One of the most important developments over the last decade has been the move from desktop computing to battery-powered computing in hand-held, wearable and mobile devices. This move from the desktop to the wider world is also reflected in the growth of applications that operate on real world data such as images, video, sound and motion. These applications are highly computationally intensive, and pose huge challenges both for mobile devices and for cloud-based services that receive and process large amounts of such data.
Approximate computing can be an effective technique both for accelerating these types of applications and for reducing the required energy. Approximate computing is based on the observation that the inputs and outputs of these algorithms are approximations. Introducing additional imprecision in the computation may have little or no effect on the final result.
One of the popular ways of approximate computing is to reduce the data precision such as from single precision binary-32 floating point to half precision binary-16. When designing custom hardware, data precision can be customized precisely to the needs of an application. For example, it has been found that some applications can make good use of as little as 8-bit floating point. When designing a custom FPGA or ASIC solution, the hardware can implement the exact level of required precision. Reducing precision can reduce the size of the hardware, but crucially it can also allow less data to be transfered between the processor and memory.

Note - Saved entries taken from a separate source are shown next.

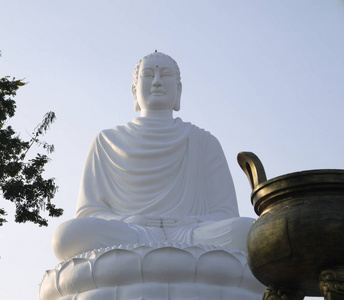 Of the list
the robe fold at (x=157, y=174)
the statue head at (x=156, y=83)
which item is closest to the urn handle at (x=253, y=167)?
the robe fold at (x=157, y=174)

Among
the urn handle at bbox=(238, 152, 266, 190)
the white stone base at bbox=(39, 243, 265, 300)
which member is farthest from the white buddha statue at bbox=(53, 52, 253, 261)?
the urn handle at bbox=(238, 152, 266, 190)

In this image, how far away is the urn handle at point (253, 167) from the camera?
2739 millimetres

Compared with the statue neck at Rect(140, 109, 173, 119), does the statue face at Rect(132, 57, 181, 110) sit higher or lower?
higher

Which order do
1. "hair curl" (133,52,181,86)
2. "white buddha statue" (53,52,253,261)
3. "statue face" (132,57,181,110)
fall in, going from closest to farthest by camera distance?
"white buddha statue" (53,52,253,261), "statue face" (132,57,181,110), "hair curl" (133,52,181,86)

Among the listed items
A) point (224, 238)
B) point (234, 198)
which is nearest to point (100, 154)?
point (234, 198)

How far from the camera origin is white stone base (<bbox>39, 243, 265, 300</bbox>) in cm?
533

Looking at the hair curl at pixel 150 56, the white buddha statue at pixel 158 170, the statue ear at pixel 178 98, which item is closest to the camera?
the white buddha statue at pixel 158 170

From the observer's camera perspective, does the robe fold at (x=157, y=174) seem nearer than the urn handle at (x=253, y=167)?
No

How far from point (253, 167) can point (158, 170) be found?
15.1ft

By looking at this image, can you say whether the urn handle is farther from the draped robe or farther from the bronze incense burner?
the draped robe

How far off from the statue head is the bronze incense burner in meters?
5.27

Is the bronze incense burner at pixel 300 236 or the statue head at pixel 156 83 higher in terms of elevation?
the statue head at pixel 156 83

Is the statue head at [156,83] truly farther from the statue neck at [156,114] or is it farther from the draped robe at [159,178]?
the draped robe at [159,178]

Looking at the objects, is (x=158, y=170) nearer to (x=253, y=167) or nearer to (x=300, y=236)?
(x=253, y=167) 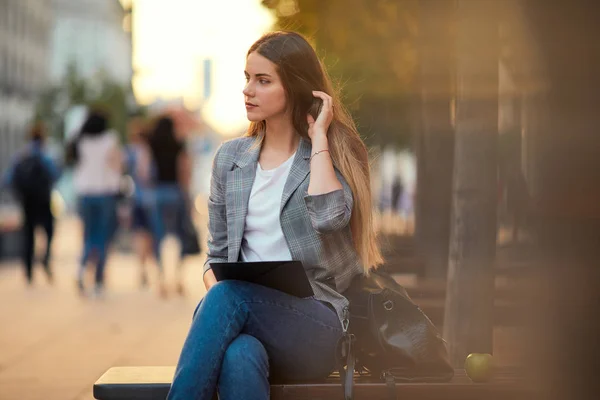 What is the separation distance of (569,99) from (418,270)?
5328 millimetres

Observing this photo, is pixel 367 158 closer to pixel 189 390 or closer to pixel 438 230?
pixel 189 390

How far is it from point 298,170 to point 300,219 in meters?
0.20

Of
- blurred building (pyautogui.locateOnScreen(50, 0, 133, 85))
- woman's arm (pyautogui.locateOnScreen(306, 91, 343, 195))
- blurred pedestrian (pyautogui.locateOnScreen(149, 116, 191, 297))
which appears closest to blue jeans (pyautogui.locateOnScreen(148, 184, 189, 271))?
blurred pedestrian (pyautogui.locateOnScreen(149, 116, 191, 297))

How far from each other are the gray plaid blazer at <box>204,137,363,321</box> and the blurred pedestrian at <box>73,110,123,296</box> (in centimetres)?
740

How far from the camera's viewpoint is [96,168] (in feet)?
38.9

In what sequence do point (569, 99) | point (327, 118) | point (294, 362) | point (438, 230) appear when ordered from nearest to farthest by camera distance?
point (569, 99), point (294, 362), point (327, 118), point (438, 230)

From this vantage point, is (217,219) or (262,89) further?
(217,219)

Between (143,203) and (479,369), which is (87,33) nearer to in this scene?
(143,203)

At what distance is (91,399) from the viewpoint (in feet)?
19.8

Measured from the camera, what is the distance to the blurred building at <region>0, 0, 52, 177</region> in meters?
65.1

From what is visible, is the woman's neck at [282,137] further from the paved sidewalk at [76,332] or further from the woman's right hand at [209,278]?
the paved sidewalk at [76,332]

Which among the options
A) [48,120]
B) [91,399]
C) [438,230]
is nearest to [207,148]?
[48,120]

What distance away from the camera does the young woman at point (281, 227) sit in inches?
145

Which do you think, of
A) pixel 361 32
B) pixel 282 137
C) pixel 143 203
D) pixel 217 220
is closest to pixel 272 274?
pixel 217 220
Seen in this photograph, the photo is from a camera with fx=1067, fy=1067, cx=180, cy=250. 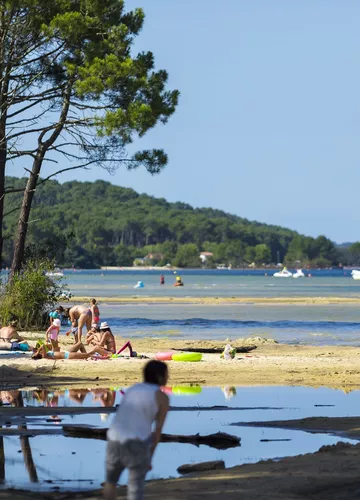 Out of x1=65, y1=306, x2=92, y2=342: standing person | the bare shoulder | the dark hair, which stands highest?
the dark hair

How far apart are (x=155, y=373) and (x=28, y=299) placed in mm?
25225

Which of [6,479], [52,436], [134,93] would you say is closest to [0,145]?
[134,93]

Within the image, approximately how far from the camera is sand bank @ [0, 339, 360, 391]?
787 inches

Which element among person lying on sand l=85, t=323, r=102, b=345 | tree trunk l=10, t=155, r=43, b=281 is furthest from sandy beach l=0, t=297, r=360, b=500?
tree trunk l=10, t=155, r=43, b=281

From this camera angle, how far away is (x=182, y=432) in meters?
13.7

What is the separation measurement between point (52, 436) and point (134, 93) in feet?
73.1

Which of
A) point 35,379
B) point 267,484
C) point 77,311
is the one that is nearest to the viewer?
point 267,484

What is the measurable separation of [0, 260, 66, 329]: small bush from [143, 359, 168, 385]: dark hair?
2459 cm

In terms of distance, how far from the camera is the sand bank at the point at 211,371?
20.0 meters

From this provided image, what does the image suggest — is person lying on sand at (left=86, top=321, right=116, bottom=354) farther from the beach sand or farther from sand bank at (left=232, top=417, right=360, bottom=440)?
sand bank at (left=232, top=417, right=360, bottom=440)

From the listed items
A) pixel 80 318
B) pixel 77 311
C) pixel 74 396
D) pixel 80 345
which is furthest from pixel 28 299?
pixel 74 396

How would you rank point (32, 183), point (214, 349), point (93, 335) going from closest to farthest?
point (93, 335)
point (214, 349)
point (32, 183)

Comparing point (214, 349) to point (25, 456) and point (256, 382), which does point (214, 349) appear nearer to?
point (256, 382)

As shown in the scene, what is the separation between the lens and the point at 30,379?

On general-purpose processors it is much more difficult to customize the precision of data to the application. Most general-purpose processors provide only two floating point sizes — single and double precision — and a limited range of integer data sizes, typically 8, 16, 32, and 64-bit. For example, if 9 bits of integer precision are required for an application, the programmer will normally use a 16-bit type. Similarly, if one needs 13-bit floating point (FP), one might use a half precision binary-16 FP type if it is available, or single precision binary-32 if not.
When the data consists of a large array of values, the cost of using more precision than necessary can become large. The obvious problem is that the larger data size requires more space in memory. But the larger data size also requires more memory bandwidth when transferring between processor and memory, and more energy to drive external pins, wires and buses when transferring unnecessarily large data.
In this paper we propose an entirely novel approach to supporting arrays of irregular precision floating point data types. We adopt the idea of software bitslice data representations that are used in the implementation of cryptography algorithms and some image representation formats. We use these software bitslice formats to represent arrays of data, and perform vector-style SIMD operations constructed from simple bitwise logical operations.
We make several contributions:
We propose using software bitslice data representations to create a new approach to SIMD vector computation for customizable precision floating point data types.
We present our customizable precision bitslice floating point operations as intrinsic functions similar to SIMD intrinsics and implement the operations as a reconfigurable library.
Experimental results show that our bitwise vector approach is efficient for large vectors of customized floating point types with low precision.
2 Software Bitslice Representations
In the standard representation of simple types, such as integer and floating point values, a single value fits inside an 8, 16, 32 or 64-bit word. In a bitslice representation, the different bits of a single number are spread across multiple machine words.
Figure 1 shows an example of standard and bitslice representations of arrays. Both the standard and bitslice representations show an array of sixteen 8-bit floating point numbers. Each number has 1 sign bit, 4 exponent bits and 3 mantissa bits. However, the physical representation of the data in memory is quite different. Instead of using sixteen 8-bit words, the bitslice representation uses eight 16-bit machine words. The first bit of each of these eight 16-bit words corresponds to one of the eight bits of the first array element. Similarly, the other 8-bit values are represented by a bit from each of the eight 16-bit words.
Bitslice representations are sometimes used for highly efficient implementations of symmetric cryptography algorithms such as the Data Encryption Standard (DES) or Advanced Encryption Standard (AES) . These cryptography algorithms perform large numbers of bit-level operations, which can be very fast on bitslice representations. But to our knowledge they have not been applied to more general purpose computation.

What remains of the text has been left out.